Libur selama tiga hari, mungkin ada yang mewujudkan impian untuk berlibur ke suatu tempat bersama keluarga. Di sana semua anggota keluarga menikmati pemandangan alam yang indah. Mungkin ada sungai dengan kolamnya, air jernih dengan hewan air yang serasa mudah ditangkap. Lalu, bersama-sama membuat api untuk membakar udang hasil tangkapan. Mengunyah udang bakar, sungguh nikmat.

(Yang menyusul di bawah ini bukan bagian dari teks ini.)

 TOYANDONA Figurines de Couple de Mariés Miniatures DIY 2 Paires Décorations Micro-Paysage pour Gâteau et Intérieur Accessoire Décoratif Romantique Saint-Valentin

Ada pula yang memilih tempat peristirahatan di desa. Kembali ke kampung halaman, menjenguk sanak-saudara, kerabat dan sahabat yang lama ditinggalkan. Lama tinggal di kota dengan kesibukan tugas, berkeluarga di sana dan memilih untuk menetap di kota. Anak-anak lahir di kota dengan menggunakan bahasa ibu yang khas masyarakat perkotaan. Ketika hari libur tiba lantas berkunjung ke kampung halaman, para tetua berbahasa ibu yang berbeda dengan bahasa ibu yang diketahui anak-anak. Mereka bingung, ayah mereka dengan mudah bercakap-cakap dan bercanda dengan orang-orang yang ditemui. Anak-anak di kampung berdiri di kejauhan bertelanjang dada. Melihat mereka seperti itu, anak-anak kota terkejut. Kotor dan jorok. Kira-kira demikian anak-anak kota membatin.
Pemandangan desa yang asri demikian adanya, walau pada zaman ini sudah banyak desa telah tak lagi mengisolir diri. Mereka menerima perubahan yang terjadi secara perlahan. Evolusi budaya terjadi ketika isolasi masyarakat pedesaan dibuka. Kemurnian nilai yang hidup di dalam masyarakat pedesaan bergeser.

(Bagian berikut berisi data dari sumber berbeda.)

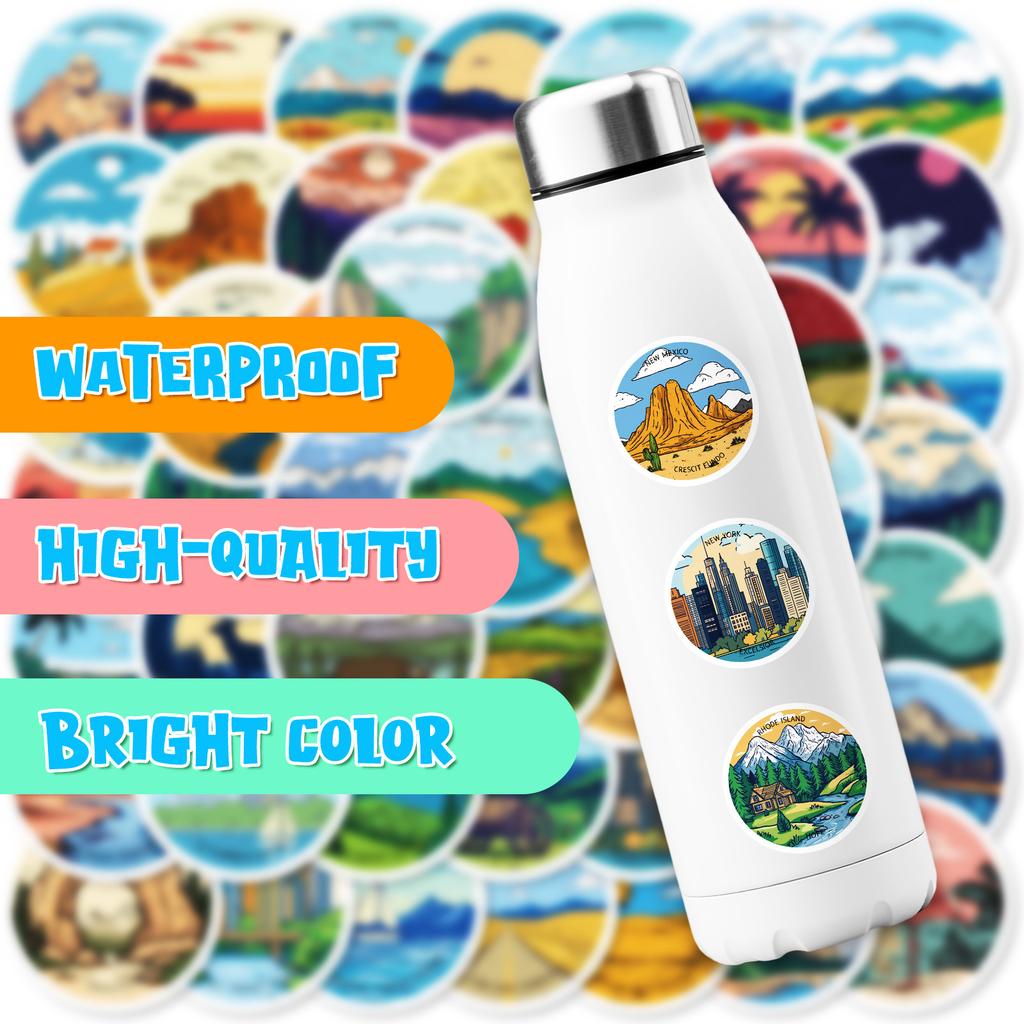 New 50 Pictures of Mainland Landscape Aesthetic Cartoon Graffiti Round Stickers Creative DIY Suitcase Mobile Phone Stickers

Ada pula yang memilih untuk berekreasi dengan pendekatan berkemah. Ya. Suatu pendekatan yang normal saja sebagai gaya hidup kaum muda perkotaan. Pilihan berkemah ke bukit tertentu dengan panorama alam yang indah di pagi dan sore hari. Suasana malam dengan api unggun menghangatkan badan sambil jemari menjentikkan senar guitar, bibir-bibir melantunkan lagu yang khas kaum muda.

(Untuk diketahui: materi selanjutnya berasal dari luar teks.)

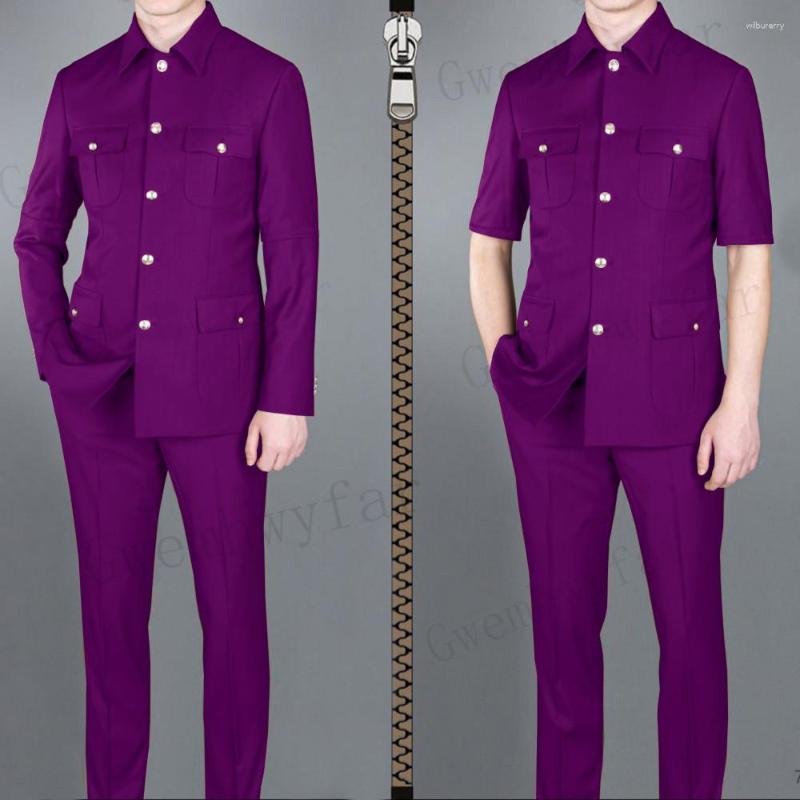 Men's Suits Gwenhwyfar Purple Fashion Groom Male Wedding Prom Suit Slim Fit Tuxedo Mens Formal Business Work Wear 2Pcs (Jacket Pants)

Pada malam yang demikian itu, bila berbaring lalu mengarahkan pandangan ke langit, terlihat teramat sangat luasnya. Jejeran bintang di sana berkedip menjadikan suasana perkemahan menjadi semakin indah. Refleksi dan inspirasi dapat terjadi pada suasana yang demikian itu, hati dan emosi pun ditata agar menjadi stabil.
Akh...
Masih banyak pilihan tempat untuk berlibur. Bila masyarakat perkotaan memilih untuk berbalik ke kampung atau alam terbuka, dapat saja masyarakat pedesaan memilih ke kota. Di sana mereka akan mengagumi kemajuan masyarakat perkotaan. Pembangunan infrastruktur jalan, jembatan, gedung bertingkat, kendaraan bermotor yang lalu-lalang dan kesibukan di area perekonomian.
Masyarakat pedesaan yang sering ke kota mungkin saja akan menganggap hal-hal yang demikian itu sebagai sesuatu yang lumrah, biasa saja karena demikian adanya kota. Sementara yang datang pertama kalinya ke kota akan termangu.
Anda kemana dalam tiga hari berlibur?